Eva Mayer Schay: Surviving Exile and Sadistic Music Teachers
The monumentally traumatic exile of European Jews during Fascist times was paralleled in some ways by the inner trauma of Jewish music students saddled with sadistic teachers. This is the surprising conclusion of a discursive, artless new autobiography, more case history than memoir, “Of Exile and Music: A Twentieth Century Life” (Purdue University Press) by Eva Mayer Schay, a longtime violinist (now retired) in the English National Opera orchestra.
Born in 1931, Schay fled Germany with her parents in 1933, eventually settling in South Africa in 1936. There, dazzled by seeing Jascha Heifetz in Hollywood films like 1939’s “They Shall Have Music” and 1947’s “Carnegie Hall,” Schay resolved to be a violinist.
It is revelatory that she chose to idolize Heifetz, an amazing virtuoso but a notoriously icy personality and sadistic teacher, as a 2001 memoir by his pupil Ayke Agus details.

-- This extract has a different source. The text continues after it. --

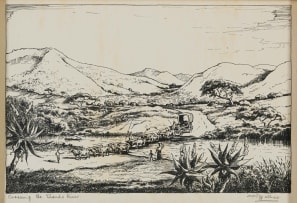 Walter Battiss; Crossing the Elands River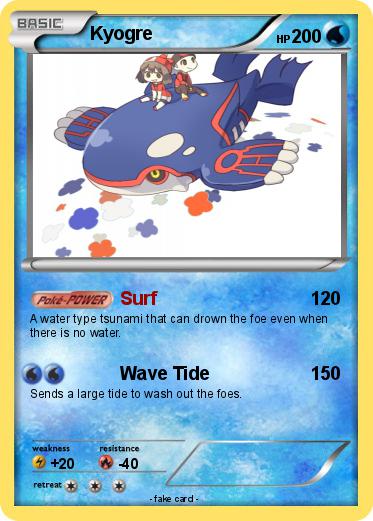 Pokemon Kyogre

Schay endured two German Jewish refugee teachers in Johannesburg, the “unrelenting onslaught” of pianist Rosa Geisenberg and the violinist Hermann Abramowitz, who would shout “Relax!” into the young girl’s ear as she played, making her tremble with nerves. Both instructors were “Hitler’s casualties,” which explains but does not excuse the damage they inflicted on Schay, who was destined to suffer a lifetime of performance nerves.

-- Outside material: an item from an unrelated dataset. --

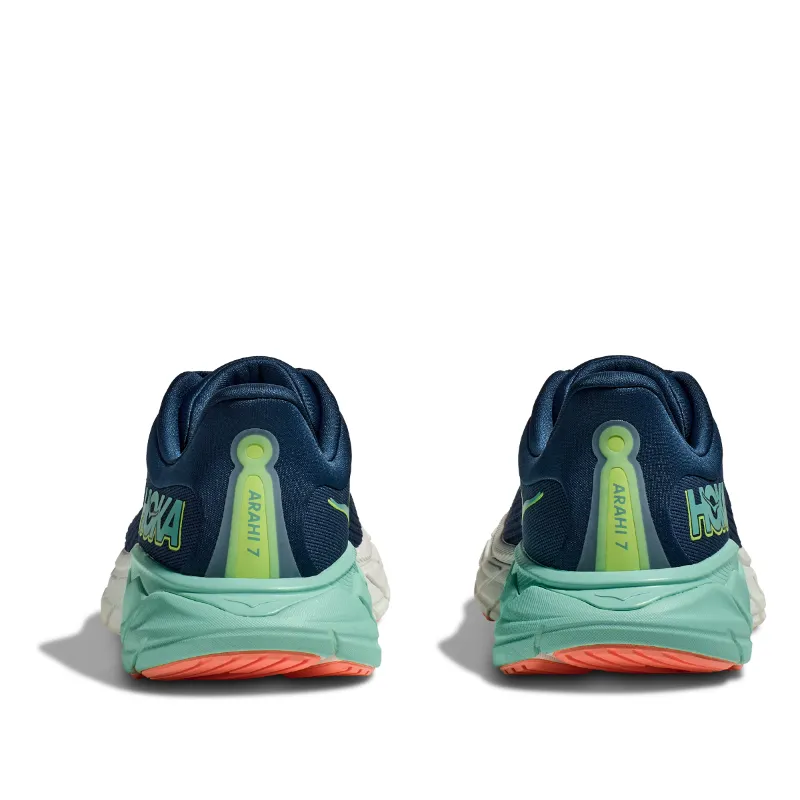 Women’s HOKA Arahi 7 – Midnight/Seafoam (MSF)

Still, Schay’s musical talent got her to London, where she found Jewish musical exiles whose personal sufferings did not keep them from being humane, benevolent and encouraging presences. Among these was the highly accomplished, although still underrated Austrian-born violinist Max Rostal. Another kindly UK mentor was the superb chamber musician Emanuel Hurwitz who told Schay: “There’s nothing wrong with your violin playing, the trouble is with your mind!”
Then there was the beloved teacher Yfrah Neaman, born in Lebanon to Jewish parents from Palestine, and the Hungarian Sándor Végh. Schay was able to distance herself from the glacial Heifetz ideal, finally seeing her former idol play live in London in 1953 and finding his Mozart “charmless” and Tchaikovsky “cold.” Schay became dubious about certain great Jewish virtuosi who also behaved boorishly, like the superstar Mischa Elman, who at one recital “loudly and obtrusively tuned his violin over a solo passage by his pianist.” Learning that even great virtuosi have foibles and flaws was part of the maturing process recounted in this pained, but frank, memoir.